• **To do**:
Retype, exactly as they appear below, the lines between the line holding "Table, map, pin, location, furniture, interior, shop" and the line holding "Cartable enfant girafes - bleu jean", both ends included.

** Opening Source data block **

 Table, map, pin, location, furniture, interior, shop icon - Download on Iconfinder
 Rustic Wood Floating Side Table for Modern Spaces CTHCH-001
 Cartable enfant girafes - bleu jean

** Closing Source data block **
** Opening Source data block **

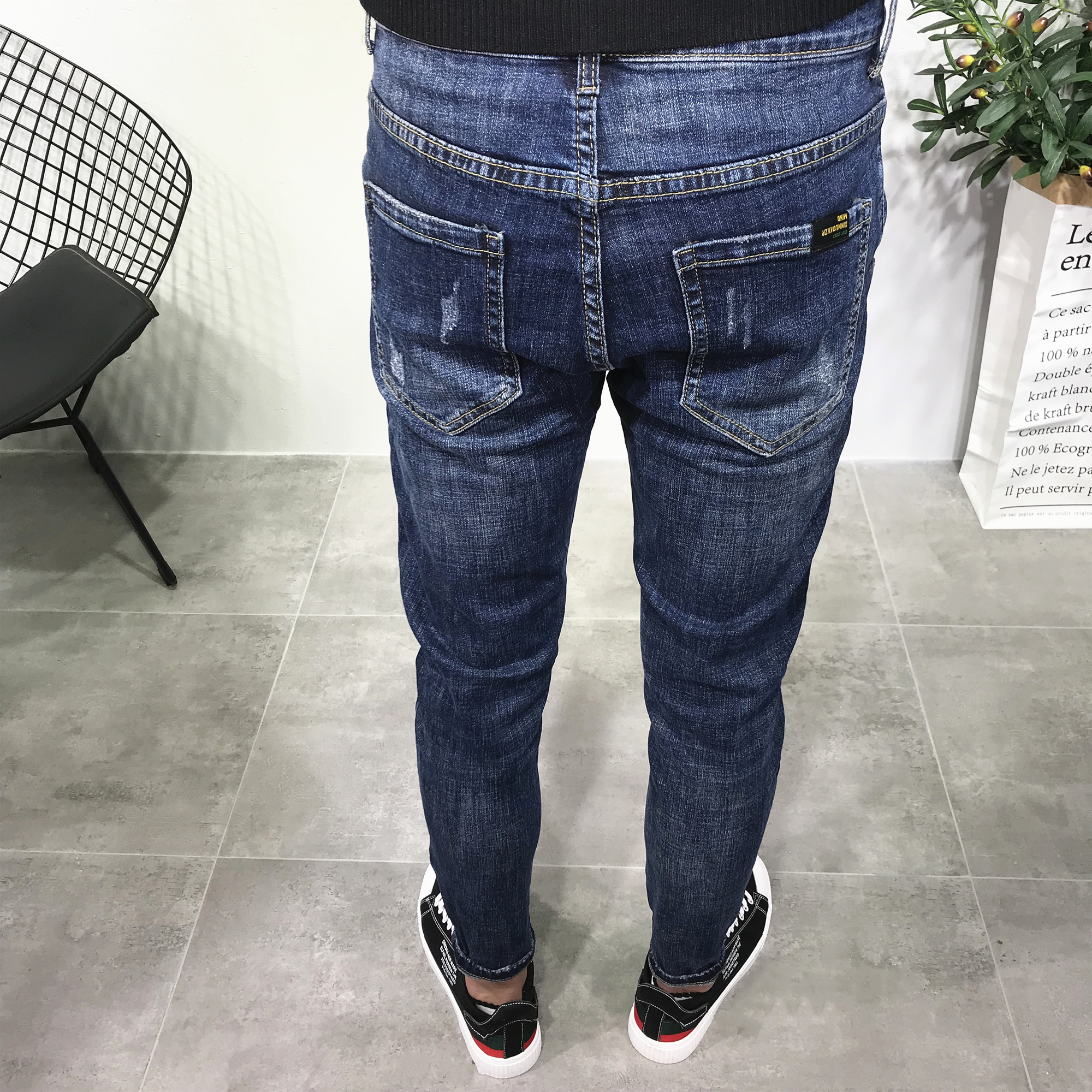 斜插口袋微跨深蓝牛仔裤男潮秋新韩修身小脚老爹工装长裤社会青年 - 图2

** Closing Source data block **

• **Your response**:
 Table, map, pin, location, furniture, interior, shop icon - Download on Iconfinder
 Rustic Wood Floating Side Table for Modern Spaces CTHCH-001
 Cartable enfant girafes - bleu jean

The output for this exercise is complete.